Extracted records

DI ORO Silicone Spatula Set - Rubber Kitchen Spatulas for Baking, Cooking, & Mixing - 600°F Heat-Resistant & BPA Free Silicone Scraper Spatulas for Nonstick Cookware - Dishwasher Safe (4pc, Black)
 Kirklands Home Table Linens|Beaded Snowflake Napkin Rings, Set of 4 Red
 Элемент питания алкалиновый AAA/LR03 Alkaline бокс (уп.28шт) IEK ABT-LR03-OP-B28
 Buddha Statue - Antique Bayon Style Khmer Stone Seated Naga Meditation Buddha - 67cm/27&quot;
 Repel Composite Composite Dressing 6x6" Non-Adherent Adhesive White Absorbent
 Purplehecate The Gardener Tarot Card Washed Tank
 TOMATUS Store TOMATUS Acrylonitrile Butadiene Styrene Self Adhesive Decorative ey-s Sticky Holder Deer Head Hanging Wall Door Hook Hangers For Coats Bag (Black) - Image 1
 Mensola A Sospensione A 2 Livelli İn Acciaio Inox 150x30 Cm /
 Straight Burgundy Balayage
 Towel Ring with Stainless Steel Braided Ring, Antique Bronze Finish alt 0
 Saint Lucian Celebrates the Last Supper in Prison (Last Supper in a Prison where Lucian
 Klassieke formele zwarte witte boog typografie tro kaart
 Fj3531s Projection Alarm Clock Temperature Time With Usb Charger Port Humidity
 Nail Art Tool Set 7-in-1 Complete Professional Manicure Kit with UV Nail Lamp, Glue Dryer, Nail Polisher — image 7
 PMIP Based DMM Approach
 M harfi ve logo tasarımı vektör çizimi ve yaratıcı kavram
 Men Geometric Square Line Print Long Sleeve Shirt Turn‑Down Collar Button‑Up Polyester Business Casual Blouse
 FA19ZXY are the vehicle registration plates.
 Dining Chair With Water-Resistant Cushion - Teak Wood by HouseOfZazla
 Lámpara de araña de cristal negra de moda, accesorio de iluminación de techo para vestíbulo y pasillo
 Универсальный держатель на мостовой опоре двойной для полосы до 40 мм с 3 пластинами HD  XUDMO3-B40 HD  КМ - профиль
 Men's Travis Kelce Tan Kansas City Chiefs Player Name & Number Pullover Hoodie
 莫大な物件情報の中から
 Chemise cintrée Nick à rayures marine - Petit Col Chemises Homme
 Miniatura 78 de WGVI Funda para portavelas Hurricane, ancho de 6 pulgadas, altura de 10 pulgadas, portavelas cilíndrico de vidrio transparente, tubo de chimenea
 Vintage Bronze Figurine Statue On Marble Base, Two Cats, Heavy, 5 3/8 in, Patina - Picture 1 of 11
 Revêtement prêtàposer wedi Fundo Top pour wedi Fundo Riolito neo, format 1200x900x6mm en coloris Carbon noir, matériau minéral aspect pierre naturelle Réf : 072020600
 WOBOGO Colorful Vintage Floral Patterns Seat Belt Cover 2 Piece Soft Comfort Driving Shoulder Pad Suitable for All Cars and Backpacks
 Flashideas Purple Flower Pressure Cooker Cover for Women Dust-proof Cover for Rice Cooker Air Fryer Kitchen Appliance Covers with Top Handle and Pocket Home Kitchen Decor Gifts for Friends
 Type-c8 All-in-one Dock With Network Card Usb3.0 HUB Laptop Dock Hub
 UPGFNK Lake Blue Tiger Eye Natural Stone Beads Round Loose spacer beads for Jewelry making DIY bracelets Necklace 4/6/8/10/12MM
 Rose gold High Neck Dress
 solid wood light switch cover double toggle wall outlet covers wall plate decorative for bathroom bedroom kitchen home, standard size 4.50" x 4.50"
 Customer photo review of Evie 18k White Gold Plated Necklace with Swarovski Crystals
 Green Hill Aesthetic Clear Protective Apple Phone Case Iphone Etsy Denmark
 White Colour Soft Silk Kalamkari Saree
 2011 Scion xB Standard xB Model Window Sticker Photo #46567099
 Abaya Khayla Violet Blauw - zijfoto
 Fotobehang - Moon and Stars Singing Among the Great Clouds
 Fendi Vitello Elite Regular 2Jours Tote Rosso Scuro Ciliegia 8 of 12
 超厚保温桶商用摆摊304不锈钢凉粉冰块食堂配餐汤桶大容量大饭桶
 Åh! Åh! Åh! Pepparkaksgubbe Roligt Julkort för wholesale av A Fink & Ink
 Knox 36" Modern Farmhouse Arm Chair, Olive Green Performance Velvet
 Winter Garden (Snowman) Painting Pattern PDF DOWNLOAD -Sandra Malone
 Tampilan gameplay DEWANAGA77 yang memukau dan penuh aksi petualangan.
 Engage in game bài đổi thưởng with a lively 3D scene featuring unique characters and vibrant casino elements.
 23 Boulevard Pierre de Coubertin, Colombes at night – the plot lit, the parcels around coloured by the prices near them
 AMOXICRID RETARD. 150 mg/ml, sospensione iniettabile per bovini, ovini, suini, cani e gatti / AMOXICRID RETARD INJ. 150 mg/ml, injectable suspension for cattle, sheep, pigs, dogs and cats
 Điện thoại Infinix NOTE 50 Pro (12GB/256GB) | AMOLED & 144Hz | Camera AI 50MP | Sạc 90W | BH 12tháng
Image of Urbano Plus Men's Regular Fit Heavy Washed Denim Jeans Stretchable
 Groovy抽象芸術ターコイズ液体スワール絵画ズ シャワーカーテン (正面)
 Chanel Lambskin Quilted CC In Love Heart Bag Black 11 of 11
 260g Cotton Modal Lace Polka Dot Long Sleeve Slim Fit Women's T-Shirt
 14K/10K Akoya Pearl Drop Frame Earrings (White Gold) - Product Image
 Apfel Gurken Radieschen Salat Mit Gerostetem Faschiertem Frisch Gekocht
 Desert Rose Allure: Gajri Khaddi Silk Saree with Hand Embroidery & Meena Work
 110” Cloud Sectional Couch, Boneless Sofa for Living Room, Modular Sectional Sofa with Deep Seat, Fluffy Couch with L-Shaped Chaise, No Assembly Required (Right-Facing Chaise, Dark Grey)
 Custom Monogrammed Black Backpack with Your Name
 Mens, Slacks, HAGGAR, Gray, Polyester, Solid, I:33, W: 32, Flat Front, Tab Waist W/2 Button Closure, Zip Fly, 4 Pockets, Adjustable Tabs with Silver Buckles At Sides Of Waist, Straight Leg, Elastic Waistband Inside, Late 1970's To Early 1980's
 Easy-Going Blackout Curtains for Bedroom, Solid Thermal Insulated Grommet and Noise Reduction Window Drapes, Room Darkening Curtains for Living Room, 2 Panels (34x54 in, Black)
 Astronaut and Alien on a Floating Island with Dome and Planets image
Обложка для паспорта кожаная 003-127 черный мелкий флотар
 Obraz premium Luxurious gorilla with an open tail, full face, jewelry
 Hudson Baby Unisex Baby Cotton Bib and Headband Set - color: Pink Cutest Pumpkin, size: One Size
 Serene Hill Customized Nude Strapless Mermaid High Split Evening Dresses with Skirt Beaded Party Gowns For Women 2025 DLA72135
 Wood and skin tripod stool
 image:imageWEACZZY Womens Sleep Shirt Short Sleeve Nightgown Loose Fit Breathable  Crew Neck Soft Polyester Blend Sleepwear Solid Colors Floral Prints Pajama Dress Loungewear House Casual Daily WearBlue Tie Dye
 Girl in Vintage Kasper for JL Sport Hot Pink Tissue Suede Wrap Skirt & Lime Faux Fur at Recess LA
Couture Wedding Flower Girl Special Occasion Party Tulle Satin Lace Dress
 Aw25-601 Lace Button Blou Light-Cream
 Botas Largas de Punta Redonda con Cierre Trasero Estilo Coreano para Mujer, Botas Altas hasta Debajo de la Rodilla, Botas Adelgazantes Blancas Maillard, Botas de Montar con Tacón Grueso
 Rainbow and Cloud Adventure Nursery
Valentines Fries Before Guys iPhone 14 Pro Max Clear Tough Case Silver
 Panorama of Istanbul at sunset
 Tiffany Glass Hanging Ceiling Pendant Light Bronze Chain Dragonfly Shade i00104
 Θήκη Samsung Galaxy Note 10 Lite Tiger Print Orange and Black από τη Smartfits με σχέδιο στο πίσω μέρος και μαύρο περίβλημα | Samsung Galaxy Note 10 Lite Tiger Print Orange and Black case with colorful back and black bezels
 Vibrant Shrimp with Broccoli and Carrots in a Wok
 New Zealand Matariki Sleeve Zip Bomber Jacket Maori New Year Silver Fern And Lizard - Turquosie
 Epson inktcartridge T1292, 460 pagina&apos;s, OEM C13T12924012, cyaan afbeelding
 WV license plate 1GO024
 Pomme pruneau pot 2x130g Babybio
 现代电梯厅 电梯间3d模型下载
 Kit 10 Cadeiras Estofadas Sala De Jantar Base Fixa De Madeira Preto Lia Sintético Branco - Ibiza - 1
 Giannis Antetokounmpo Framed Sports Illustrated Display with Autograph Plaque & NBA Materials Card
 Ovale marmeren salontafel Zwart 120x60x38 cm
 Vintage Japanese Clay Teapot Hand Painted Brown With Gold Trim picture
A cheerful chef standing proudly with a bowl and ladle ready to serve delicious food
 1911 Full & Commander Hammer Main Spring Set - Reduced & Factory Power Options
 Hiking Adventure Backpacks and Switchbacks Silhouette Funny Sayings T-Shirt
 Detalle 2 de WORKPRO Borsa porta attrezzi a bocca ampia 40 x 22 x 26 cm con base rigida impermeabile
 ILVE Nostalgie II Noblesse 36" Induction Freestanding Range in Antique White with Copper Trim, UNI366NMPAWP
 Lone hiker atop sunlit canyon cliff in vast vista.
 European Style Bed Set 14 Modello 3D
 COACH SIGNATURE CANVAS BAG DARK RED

*Exercise instructions*
Transcribe the records above from the line holding "Girl in Vintage" down to the line holding "Detalle 2 de", inclusive, without adding anything.

*Exercise response*
 Girl in Vintage Kasper for JL Sport Hot Pink Tissue Suede Wrap Skirt & Lime Faux Fur at Recess LA
Couture Wedding Flower Girl Special Occasion Party Tulle Satin Lace Dress
 Aw25-601 Lace Button Blou Light-Cream
 Botas Largas de Punta Redonda con Cierre Trasero Estilo Coreano para Mujer, Botas Altas hasta Debajo de la Rodilla, Botas Adelgazantes Blancas Maillard, Botas de Montar con Tacón Grueso
 Rainbow and Cloud Adventure Nursery
Valentines Fries Before Guys iPhone 14 Pro Max Clear Tough Case Silver
 Panorama of Istanbul at sunset
 Tiffany Glass Hanging Ceiling Pendant Light Bronze Chain Dragonfly Shade i00104
 Θήκη Samsung Galaxy Note 10 Lite Tiger Print Orange and Black από τη Smartfits με σχέδιο στο πίσω μέρος και μαύρο περίβλημα | Samsung Galaxy Note 10 Lite Tiger Print Orange and Black case with colorful back and black bezels
 Vibrant Shrimp with Broccoli and Carrots in a Wok
 New Zealand Matariki Sleeve Zip Bomber Jacket Maori New Year Silver Fern And Lizard - Turquosie
 Epson inktcartridge T1292, 460 pagina&apos;s, OEM C13T12924012, cyaan afbeelding
 WV license plate 1GO024
 Pomme pruneau pot 2x130g Babybio
 现代电梯厅 电梯间3d模型下载
 Kit 10 Cadeiras Estofadas Sala De Jantar Base Fixa De Madeira Preto Lia Sintético Branco - Ibiza - 1
 Giannis Antetokounmpo Framed Sports Illustrated Display with Autograph Plaque & NBA Materials Card
 Ovale marmeren salontafel Zwart 120x60x38 cm
 Vintage Japanese Clay Teapot Hand Painted Brown With Gold Trim picture
A cheerful chef standing proudly with a bowl and ladle ready to serve delicious food
 1911 Full & Commander Hammer Main Spring Set - Reduced & Factory Power Options
 Hiking Adventure Backpacks and Switchbacks Silhouette Funny Sayings T-Shirt
 Detalle 2 de WORKPRO Borsa porta attrezzi a bocca ampia 40 x 22 x 26 cm con base rigida impermeabile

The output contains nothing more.